Jim Boyling nie mówił kobiecie, że w rzeczywistości był policjantem. Jego związek trwał sześć miesięcy. Jak ustalono, utrzymał także kontakty z dwoma innymi aktywistkami. Kobieta, znana jedynie z imienia Monika, stara się wpłynąć na zmianę wcześniejszej decyzji prokuratury, która postanowiła nie wszczynać wobec policjanta postępowania. Jego szefowie w Scotland Yardzie byli mniej przychylni.

Jak powiedziała w wywiadzie dla BBC oszukana aktywistka, nigdy nie związałaby się z Bowlingiem, gdyby wiedziała, że w rzeczywistości jest policjantem. Była przekonana, że żywi wobec niej szczere uczucia. Mężczyzna zniknął z jej życia, gdy zakończył pełnienie służbowych obowiązków.

Inna kobieta, która również z nim sypiała, odszukała go, wznowiła z nim intymne relacje, następnie wyszła za niego za mąż i miała z nim dwójkę dzieci.

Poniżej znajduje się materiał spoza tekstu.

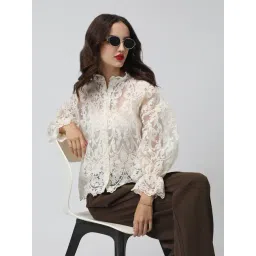 SHOWOFFFF Cream Nylon Floral Shirt-picture-44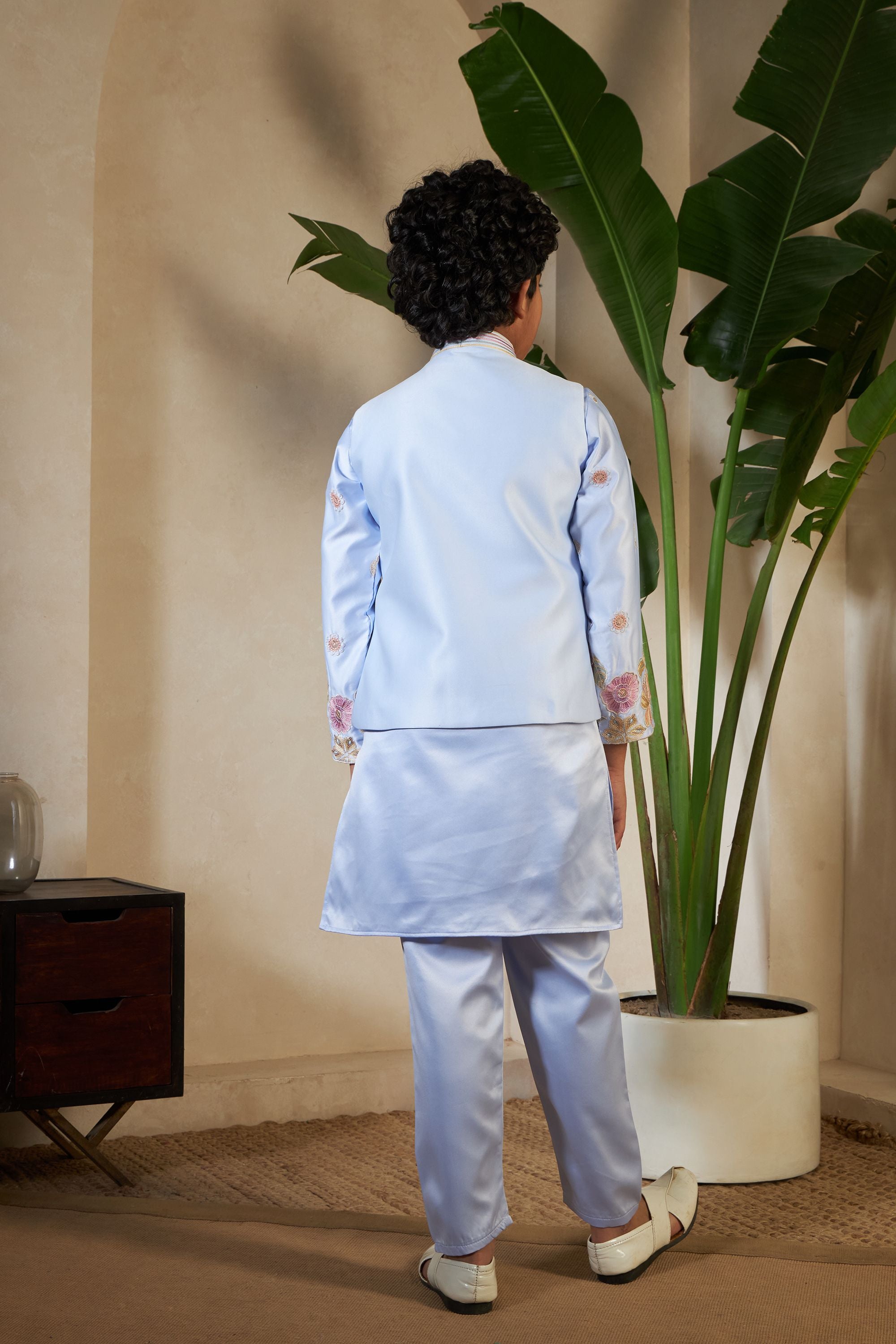 Sky Pure Satin Silk Kids Boy Kurta Pajama With Koti Jacket 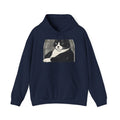 Navy hoodie with spooky black and white cat graphic, perfect Halloween cat lover gift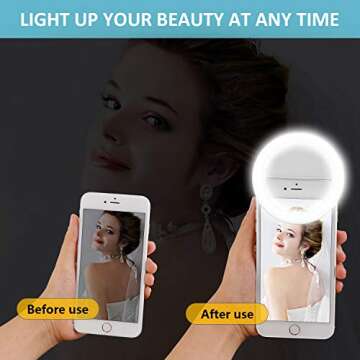 Fodizi Selfie Clip On Ring Light for Smart Phone Camera iPhone iPad Androids Vlogging on Instagram Facebook YouTube - 36 Rechargable LED Phone Light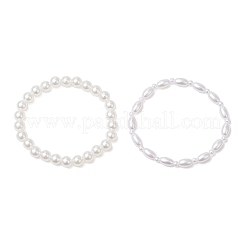 2шт. эластичные браслеты из АБС-пластика с имитацией жемчуга BJEW-JB11909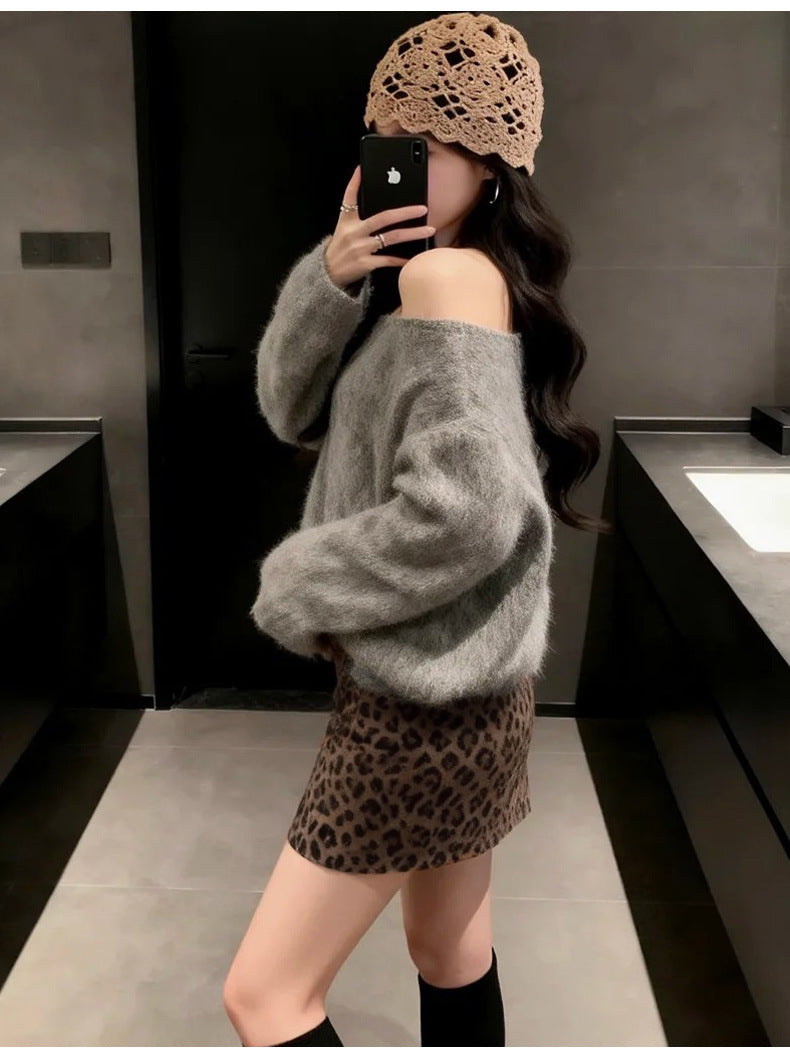 A-line Slimming Leopard-print Bodycon Skirt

Bowling ostatecznie przyznał się jej, że był tajnym agentem. Gdy ich związek rozpadł się, kobieta oskarżyła go o oszustwo i manipulowanie jej uczuciami.

Komisja dyscyplinarna Scotland Yardu ustaliła, że były agent zawierał intymne relacje z kobietami bez zgody przełożonych. Nie przekładało się to w żaden sposób na zadanie, jakie profesjonalnie wykonywał.

Jim Bowling przepracował policji 30 lat. Podczas dochodzenia zeznał, że składał relacje przełożonym ze swego postępowania. Poinformował ich także o małżeństwie. Oskarżył Scotland Yard o "selektywny zanik pamięci".